In a back corner of Exotic Pets, the tanks are filled with the stuff of nightmares: hairy spiders the size of an adult’s palm, with names like Mexican Fireleg and Goliath Birdeater. The Horned Baboon tarantula’s tank is almost completely covered in fine threads of compulsively woven silk. A sign above the shelves reads: “The tarantula is your friend. Fun! Popular! Exotic!”

Owner Kevin Foose holds a snake at his Exotic Pets store in Las Vegas. Foose has decades of experience working with exotic animals and says he has about 1,000 animals living in his home.

Owner Kevin Foose holds a snake at his Exotic Pets store in Las Vegas. Foose has decades of experience working with exotic animals and says he has about 1,000 animals living in his home.

Ken Foose is comfortable among these creatures. He’s middle-aged and slightly disheveled with a thick, raspy voice, and he seems simultaneously harried and in total control of the shop, which he’s owned for 25 years, the past six at its current location on North Decatur. Along with the spiders, there are turtles, hedgehogs, ferrets, dozens of snakes and customers staring into the glass to marvel at whatever’s behind it. The Beaded Lizards have beautiful, pixilated skin like tiny mosaics. The New Guinea Snake-Neck turtle sports a disproportionately long neck and sweet, buggy eyes. In the back of the store, a pair of hopelessly cute, raccoon-like animals called kinkajous sleep, spooning, in a plastic bin. Price tag: $3,999.95.

Just across from the kinkajous is the Crocodile Monitor, a stunning and ominous lizard with giant, hooked claws and black skin printed with bright yellow markings that look vaguely like computer code. “Sucks he’s so mean,” an employee says, lingering in front of the tank. When I turn back toward the lizard, the modern-day dinosaur is staring me down.

Later, I ask Foose which of the 5,000 or so animals in his store are most dangerous. “The Deathstalker Scorpion. It’s named that for a reason. You don’t hold a Goliath Birdeater. It has 2-inch fangs. It won’t kill you, but it’ll make you wish you were dead.”

Exotic Pets store

But the most dangerous animal here? That honor goes to the Crocodile Monitor. “He’s not dangerous to me,” says the trained zoologist and herpetologist (reptile and amphibian expert), but “he will rip you a new one. We’re talking a mouth full of broken glass.”
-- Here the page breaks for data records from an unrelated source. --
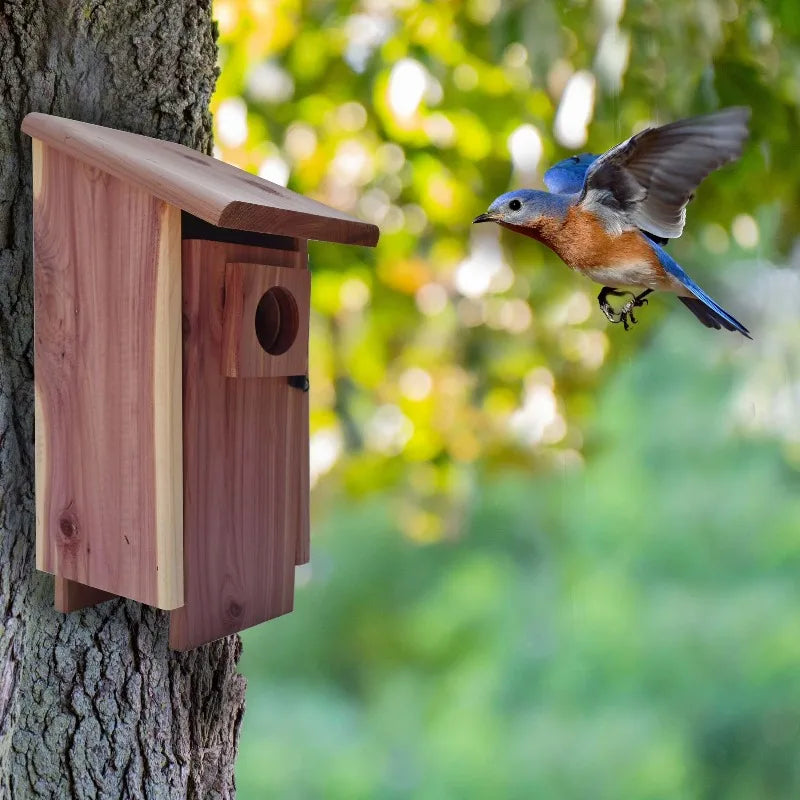 Red Cedar Bluebird House For Eastern Bluebirds Outdoors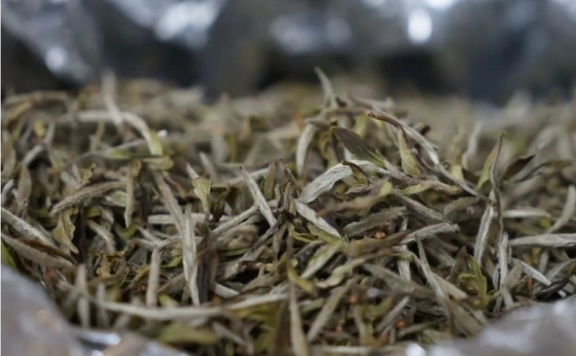 The Correct Storage Method for White Tea, Precautions for Storing White Tea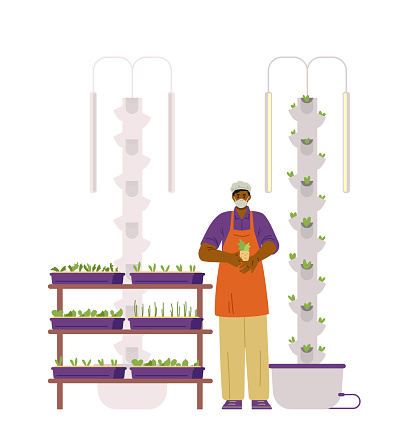 African american farmer holding seedling near aeroponic tower for crop production flat vector illustration.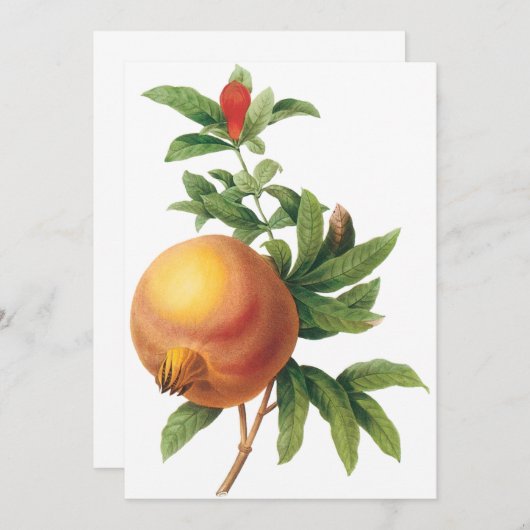 Grenade par Redoute Invitation (Devant / Derrière)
The lizards can grow to be 13 feet and 200 pounds, but as with the Deathstalker Scorpion and Goliath Birdeater, under Nevada state law there are literally no restrictions on their sale and ownership. If the reptile hits 6 feet, it requires an exotic animal permit in Clark County, but even then, owners who keep the creature inside and out of sight can probably get by without one. The only things truly standing between the kid next door and that Croc Monitor are the $1,400 it takes to buy one—and Foose himself. “I would not sell that to you. You can’t have it,” he says. “We are very picky about what we sell and who we sell it to.”

I won’t be taking home this elegant, violent creature, but a larger issue hangs in the air, over this store and the homes of local exotic animal owners across Las Vegas: Should people be allowed to own exotic animals at all?

On July 12, two chimpanzees escaped from their home near Jones Boulevard and Ann Road. The chimps, named Buddy and CJ, were living at a property with an exotic animal permit, but they’d somehow slipped out of their enclosure. They were loose on the street, agitated and banging on cars. When police arrived on the scene, they gave the owners a chance to recover the animals, but after about half an hour, Buddy, the male, began crossing the road and heading toward onlookers. A nearby officer made a judgment call. He fired on the animal, killing him in front of the gathering crowd.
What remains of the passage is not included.